All of the records must be repeated exactly as they read.

:: Provided material ::

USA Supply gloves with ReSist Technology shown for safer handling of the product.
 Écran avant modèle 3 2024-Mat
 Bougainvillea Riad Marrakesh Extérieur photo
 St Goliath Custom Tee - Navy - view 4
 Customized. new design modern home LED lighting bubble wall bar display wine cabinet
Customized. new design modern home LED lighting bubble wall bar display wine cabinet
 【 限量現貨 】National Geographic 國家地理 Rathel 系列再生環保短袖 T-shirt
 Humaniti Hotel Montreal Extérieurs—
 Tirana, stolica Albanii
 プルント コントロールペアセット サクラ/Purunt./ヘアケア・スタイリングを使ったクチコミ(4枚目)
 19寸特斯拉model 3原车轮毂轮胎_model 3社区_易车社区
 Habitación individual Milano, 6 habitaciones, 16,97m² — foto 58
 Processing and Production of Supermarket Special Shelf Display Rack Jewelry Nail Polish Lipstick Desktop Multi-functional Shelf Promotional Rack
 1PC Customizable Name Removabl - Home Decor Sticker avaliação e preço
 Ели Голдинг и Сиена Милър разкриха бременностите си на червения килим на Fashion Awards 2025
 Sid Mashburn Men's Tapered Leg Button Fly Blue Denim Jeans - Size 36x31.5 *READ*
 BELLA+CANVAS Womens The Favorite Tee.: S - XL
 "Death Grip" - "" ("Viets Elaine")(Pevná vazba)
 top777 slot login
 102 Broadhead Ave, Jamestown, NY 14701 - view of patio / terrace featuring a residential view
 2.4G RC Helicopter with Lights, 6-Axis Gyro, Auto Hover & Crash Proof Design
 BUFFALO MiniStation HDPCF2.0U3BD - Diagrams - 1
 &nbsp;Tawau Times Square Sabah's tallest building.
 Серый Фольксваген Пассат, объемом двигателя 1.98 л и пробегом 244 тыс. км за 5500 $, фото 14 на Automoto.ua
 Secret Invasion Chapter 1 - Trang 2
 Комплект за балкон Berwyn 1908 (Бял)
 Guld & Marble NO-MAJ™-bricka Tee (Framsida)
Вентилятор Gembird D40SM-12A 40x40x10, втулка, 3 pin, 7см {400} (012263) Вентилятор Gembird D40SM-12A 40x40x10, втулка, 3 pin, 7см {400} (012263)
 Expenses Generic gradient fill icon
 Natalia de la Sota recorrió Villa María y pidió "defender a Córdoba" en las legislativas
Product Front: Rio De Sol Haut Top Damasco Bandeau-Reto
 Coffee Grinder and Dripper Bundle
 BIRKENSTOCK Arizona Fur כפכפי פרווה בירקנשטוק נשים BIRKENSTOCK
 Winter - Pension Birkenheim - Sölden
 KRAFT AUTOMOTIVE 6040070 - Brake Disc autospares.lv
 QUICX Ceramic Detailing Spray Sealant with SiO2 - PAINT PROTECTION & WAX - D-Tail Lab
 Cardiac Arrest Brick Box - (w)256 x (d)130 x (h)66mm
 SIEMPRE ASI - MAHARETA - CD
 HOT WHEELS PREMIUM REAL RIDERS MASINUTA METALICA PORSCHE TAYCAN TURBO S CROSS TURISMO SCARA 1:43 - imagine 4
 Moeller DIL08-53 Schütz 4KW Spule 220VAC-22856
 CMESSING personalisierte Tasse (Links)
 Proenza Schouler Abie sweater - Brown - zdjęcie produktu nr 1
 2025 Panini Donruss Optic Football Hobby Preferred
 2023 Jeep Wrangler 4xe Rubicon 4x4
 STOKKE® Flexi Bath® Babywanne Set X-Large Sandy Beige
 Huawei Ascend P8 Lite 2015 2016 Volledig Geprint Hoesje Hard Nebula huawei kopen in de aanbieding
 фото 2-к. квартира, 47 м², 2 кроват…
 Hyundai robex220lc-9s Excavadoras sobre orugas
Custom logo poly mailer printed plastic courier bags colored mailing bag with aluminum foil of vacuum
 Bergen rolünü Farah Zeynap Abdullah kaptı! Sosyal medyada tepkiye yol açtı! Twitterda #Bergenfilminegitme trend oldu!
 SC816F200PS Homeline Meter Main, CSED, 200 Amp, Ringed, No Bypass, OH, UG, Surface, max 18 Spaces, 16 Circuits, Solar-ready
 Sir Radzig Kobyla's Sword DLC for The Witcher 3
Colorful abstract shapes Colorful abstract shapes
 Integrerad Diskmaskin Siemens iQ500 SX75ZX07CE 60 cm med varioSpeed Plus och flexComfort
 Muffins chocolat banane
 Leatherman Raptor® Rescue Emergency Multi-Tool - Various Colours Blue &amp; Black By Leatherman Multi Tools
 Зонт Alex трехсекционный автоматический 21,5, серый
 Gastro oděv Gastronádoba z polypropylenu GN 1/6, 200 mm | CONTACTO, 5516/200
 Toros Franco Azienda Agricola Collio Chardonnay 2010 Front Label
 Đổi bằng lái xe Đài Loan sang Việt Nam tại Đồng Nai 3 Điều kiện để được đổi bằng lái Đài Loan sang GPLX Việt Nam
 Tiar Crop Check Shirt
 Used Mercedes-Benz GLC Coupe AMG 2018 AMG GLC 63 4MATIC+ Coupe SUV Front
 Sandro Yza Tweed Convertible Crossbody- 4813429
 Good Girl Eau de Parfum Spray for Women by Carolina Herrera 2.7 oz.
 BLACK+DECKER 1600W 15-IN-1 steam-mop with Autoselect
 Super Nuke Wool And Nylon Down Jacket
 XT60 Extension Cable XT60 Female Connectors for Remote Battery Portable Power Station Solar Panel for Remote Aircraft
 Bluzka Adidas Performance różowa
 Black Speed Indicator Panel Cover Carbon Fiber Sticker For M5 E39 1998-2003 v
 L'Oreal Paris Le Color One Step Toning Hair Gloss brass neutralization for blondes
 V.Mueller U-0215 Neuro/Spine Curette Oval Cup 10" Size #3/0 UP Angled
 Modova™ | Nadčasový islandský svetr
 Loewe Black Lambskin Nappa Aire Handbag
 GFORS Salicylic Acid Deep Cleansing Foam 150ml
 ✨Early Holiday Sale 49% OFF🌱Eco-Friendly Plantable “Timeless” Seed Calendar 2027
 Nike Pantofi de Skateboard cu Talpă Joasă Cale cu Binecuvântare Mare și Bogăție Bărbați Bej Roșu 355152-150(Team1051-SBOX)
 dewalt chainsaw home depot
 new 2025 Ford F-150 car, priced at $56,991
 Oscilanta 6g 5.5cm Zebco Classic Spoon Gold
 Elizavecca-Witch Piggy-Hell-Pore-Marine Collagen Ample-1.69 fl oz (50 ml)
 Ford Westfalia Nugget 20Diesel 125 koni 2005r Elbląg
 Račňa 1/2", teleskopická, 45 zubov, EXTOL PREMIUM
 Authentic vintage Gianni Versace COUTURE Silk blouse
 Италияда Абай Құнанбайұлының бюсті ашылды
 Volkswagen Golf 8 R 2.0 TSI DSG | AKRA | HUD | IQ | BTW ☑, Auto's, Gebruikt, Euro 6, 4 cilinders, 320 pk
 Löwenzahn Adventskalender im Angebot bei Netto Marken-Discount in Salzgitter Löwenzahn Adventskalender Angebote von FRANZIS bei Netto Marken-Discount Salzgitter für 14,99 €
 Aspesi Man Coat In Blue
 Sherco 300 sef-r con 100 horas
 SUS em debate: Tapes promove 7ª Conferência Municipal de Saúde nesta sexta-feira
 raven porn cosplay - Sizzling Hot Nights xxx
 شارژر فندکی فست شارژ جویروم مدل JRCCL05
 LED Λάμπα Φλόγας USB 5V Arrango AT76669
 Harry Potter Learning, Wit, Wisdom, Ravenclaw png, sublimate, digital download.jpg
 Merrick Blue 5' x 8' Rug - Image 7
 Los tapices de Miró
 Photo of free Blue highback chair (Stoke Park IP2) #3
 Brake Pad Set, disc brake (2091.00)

:::

→ **Finished exercise**
USA Supply gloves with ReSist Technology shown for safer handling of the product.
 Écran avant modèle 3 2024-Mat
 Bougainvillea Riad Marrakesh Extérieur photo
 St Goliath Custom Tee - Navy - view 4
 Customized. new design modern home LED lighting bubble wall bar display wine cabinet
Customized. new design modern home LED lighting bubble wall bar display wine cabinet
 【 限量現貨 】National Geographic 國家地理 Rathel 系列再生環保短袖 T-shirt
 Humaniti Hotel Montreal Extérieurs—
 Tirana, stolica Albanii
 プルント コントロールペアセット サクラ/Purunt./ヘアケア・スタイリングを使ったクチコミ(4枚目)
 19寸特斯拉model 3原车轮毂轮胎_model 3社区_易车社区
 Habitación individual Milano, 6 habitaciones, 16,97m² — foto 58
 Processing and Production of Supermarket Special Shelf Display Rack Jewelry Nail Polish Lipstick Desktop Multi-functional Shelf Promotional Rack
 1PC Customizable Name Removabl - Home Decor Sticker avaliação e preço
 Ели Голдинг и Сиена Милър разкриха бременностите си на червения килим на Fashion Awards 2025
 Sid Mashburn Men's Tapered Leg Button Fly Blue Denim Jeans - Size 36x31.5 *READ*
 BELLA+CANVAS Womens The Favorite Tee.: S - XL
 "Death Grip" - "" ("Viets Elaine")(Pevná vazba)
 top777 slot login
 102 Broadhead Ave, Jamestown, NY 14701 - view of patio / terrace featuring a residential view
 2.4G RC Helicopter with Lights, 6-Axis Gyro, Auto Hover & Crash Proof Design
 BUFFALO MiniStation HDPCF2.0U3BD - Diagrams - 1
 &nbsp;Tawau Times Square Sabah's tallest building.
 Серый Фольксваген Пассат, объемом двигателя 1.98 л и пробегом 244 тыс. км за 5500 $, фото 14 на Automoto.ua
 Secret Invasion Chapter 1 - Trang 2
 Комплект за балкон Berwyn 1908 (Бял)
 Guld & Marble NO-MAJ™-bricka Tee (Framsida)
Вентилятор Gembird D40SM-12A 40x40x10, втулка, 3 pin, 7см {400} (012263) Вентилятор Gembird D40SM-12A 40x40x10, втулка, 3 pin, 7см {400} (012263)
 Expenses Generic gradient fill icon
 Natalia de la Sota recorrió Villa María y pidió "defender a Córdoba" en las legislativas
Product Front: Rio De Sol Haut Top Damasco Bandeau-Reto
 Coffee Grinder and Dripper Bundle
 BIRKENSTOCK Arizona Fur כפכפי פרווה בירקנשטוק נשים BIRKENSTOCK
 Winter - Pension Birkenheim - Sölden
 KRAFT AUTOMOTIVE 6040070 - Brake Disc autospares.lv
 QUICX Ceramic Detailing Spray Sealant with SiO2 - PAINT PROTECTION & WAX - D-Tail Lab
 Cardiac Arrest Brick Box - (w)256 x (d)130 x (h)66mm
 SIEMPRE ASI - MAHARETA - CD
 HOT WHEELS PREMIUM REAL RIDERS MASINUTA METALICA PORSCHE TAYCAN TURBO S CROSS TURISMO SCARA 1:43 - imagine 4
 Moeller DIL08-53 Schütz 4KW Spule 220VAC-22856
 CMESSING personalisierte Tasse (Links)
 Proenza Schouler Abie sweater - Brown - zdjęcie produktu nr 1
 2025 Panini Donruss Optic Football Hobby Preferred
 2023 Jeep Wrangler 4xe Rubicon 4x4
 STOKKE® Flexi Bath® Babywanne Set X-Large Sandy Beige
 Huawei Ascend P8 Lite 2015 2016 Volledig Geprint Hoesje Hard Nebula huawei kopen in de aanbieding
 фото 2-к. квартира, 47 м², 2 кроват…
 Hyundai robex220lc-9s Excavadoras sobre orugas
Custom logo poly mailer printed plastic courier bags colored mailing bag with aluminum foil of vacuum
 Bergen rolünü Farah Zeynap Abdullah kaptı! Sosyal medyada tepkiye yol açtı! Twitterda #Bergenfilminegitme trend oldu!
 SC816F200PS Homeline Meter Main, CSED, 200 Amp, Ringed, No Bypass, OH, UG, Surface, max 18 Spaces, 16 Circuits, Solar-ready
 Sir Radzig Kobyla's Sword DLC for The Witcher 3
Colorful abstract shapes Colorful abstract shapes
 Integrerad Diskmaskin Siemens iQ500 SX75ZX07CE 60 cm med varioSpeed Plus och flexComfort
 Muffins chocolat banane
 Leatherman Raptor® Rescue Emergency Multi-Tool - Various Colours Blue &amp; Black By Leatherman Multi Tools
 Зонт Alex трехсекционный автоматический 21,5, серый
 Gastro oděv Gastronádoba z polypropylenu GN 1/6, 200 mm | CONTACTO, 5516/200
 Toros Franco Azienda Agricola Collio Chardonnay 2010 Front Label
 Đổi bằng lái xe Đài Loan sang Việt Nam tại Đồng Nai 3 Điều kiện để được đổi bằng lái Đài Loan sang GPLX Việt Nam
 Tiar Crop Check Shirt
 Used Mercedes-Benz GLC Coupe AMG 2018 AMG GLC 63 4MATIC+ Coupe SUV Front
 Sandro Yza Tweed Convertible Crossbody- 4813429
 Good Girl Eau de Parfum Spray for Women by Carolina Herrera 2.7 oz.
 BLACK+DECKER 1600W 15-IN-1 steam-mop with Autoselect
 Super Nuke Wool And Nylon Down Jacket
 XT60 Extension Cable XT60 Female Connectors for Remote Battery Portable Power Station Solar Panel for Remote Aircraft
 Bluzka Adidas Performance różowa
 Black Speed Indicator Panel Cover Carbon Fiber Sticker For M5 E39 1998-2003 v
 L'Oreal Paris Le Color One Step Toning Hair Gloss brass neutralization for blondes
 V.Mueller U-0215 Neuro/Spine Curette Oval Cup 10" Size #3/0 UP Angled
 Modova™ | Nadčasový islandský svetr
 Loewe Black Lambskin Nappa Aire Handbag
 GFORS Salicylic Acid Deep Cleansing Foam 150ml
 ✨Early Holiday Sale 49% OFF🌱Eco-Friendly Plantable “Timeless” Seed Calendar 2027
 Nike Pantofi de Skateboard cu Talpă Joasă Cale cu Binecuvântare Mare și Bogăție Bărbați Bej Roșu 355152-150(Team1051-SBOX)
 dewalt chainsaw home depot
 new 2025 Ford F-150 car, priced at $56,991
 Oscilanta 6g 5.5cm Zebco Classic Spoon Gold
 Elizavecca-Witch Piggy-Hell-Pore-Marine Collagen Ample-1.69 fl oz (50 ml)
 Ford Westfalia Nugget 20Diesel 125 koni 2005r Elbląg
 Račňa 1/2", teleskopická, 45 zubov, EXTOL PREMIUM
 Authentic vintage Gianni Versace COUTURE Silk blouse
 Италияда Абай Құнанбайұлының бюсті ашылды
 Volkswagen Golf 8 R 2.0 TSI DSG | AKRA | HUD | IQ | BTW ☑, Auto's, Gebruikt, Euro 6, 4 cilinders, 320 pk
 Löwenzahn Adventskalender im Angebot bei Netto Marken-Discount in Salzgitter Löwenzahn Adventskalender Angebote von FRANZIS bei Netto Marken-Discount Salzgitter für 14,99 €
 Aspesi Man Coat In Blue
 Sherco 300 sef-r con 100 horas
 SUS em debate: Tapes promove 7ª Conferência Municipal de Saúde nesta sexta-feira
 raven porn cosplay - Sizzling Hot Nights xxx
 شارژر فندکی فست شارژ جویروم مدل JRCCL05
 LED Λάμπα Φλόγας USB 5V Arrango AT76669
 Harry Potter Learning, Wit, Wisdom, Ravenclaw png, sublimate, digital download.jpg
 Merrick Blue 5' x 8' Rug - Image 7
 Los tapices de Miró
 Photo of free Blue highback chair (Stoke Park IP2) #3
 Brake Pad Set, disc brake (2091.00)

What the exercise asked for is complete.